Nós não conseguimos provar com documentação essa proveniência. Em especial em Portugal estas proveniências orais têm pouco valor. Não é fácil dizer com certeza que terá sido uma encomenda do rei para oferecer a uma amante, mas o facto de ser um faqueiro em ouro, excecional, remete-nos sempre para a esfera do rei. Se não foi feito para o rei, terá sido com certeza para alguém da família real. Considerando o estilo, trata-se de uma peça dos anos 40 do século XVIII, já numa fase de declínio acentuado da saúde do rei. É estranho que tivesse encomendado uma peça deste tipo para uma amante, uma vez que o período mais conhecido das suas aventuras amorosas seja os anos 20, e não os anos 40, quando está mais interessado em expiar os seus pecados e, portanto, mais empenhado em encomendas de âmbito religioso.

O reinado de D. João V é um reinado, lá está, magnânimo, pela abundância de recursos, nomeadamente o ouro do Brasil, que financia grandes obras públicas, como o Real Edifício de Mafra ou o Aqueduto das Águas Livres. É provável que este ouro venha do Brasil?
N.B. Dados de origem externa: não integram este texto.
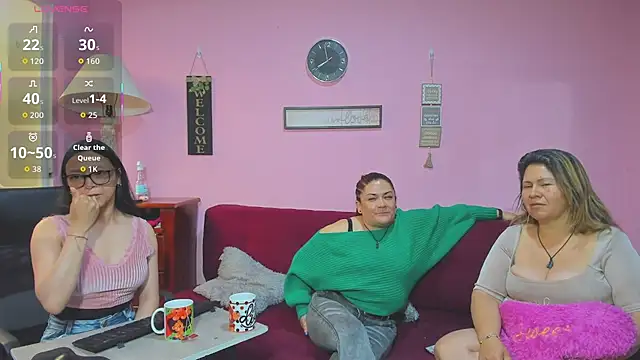 lesbiancuple online show from October 2025 12:58:01 PM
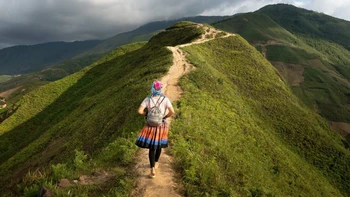 Giữa tăng trưởng và bền vững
Sim, isso é um dado quase adquirido. Nós fizemos uma identificação elementar, química, das peças do faqueiro, portanto sabemos a composição da liga, mas muito mais importante do que isso, conseguimos identificar inclusões microscópicas de uma liga natural de ósmio e irídio que nos remete para os metais do grupo da platina. Não conseguimos dizer com certeza que se trata de ouro brasileiro, porque não temos os marcadores geológicos precisos, mas podemos dizer tratar-se de ouro aluvionar muito provavelmente de origem brasileira.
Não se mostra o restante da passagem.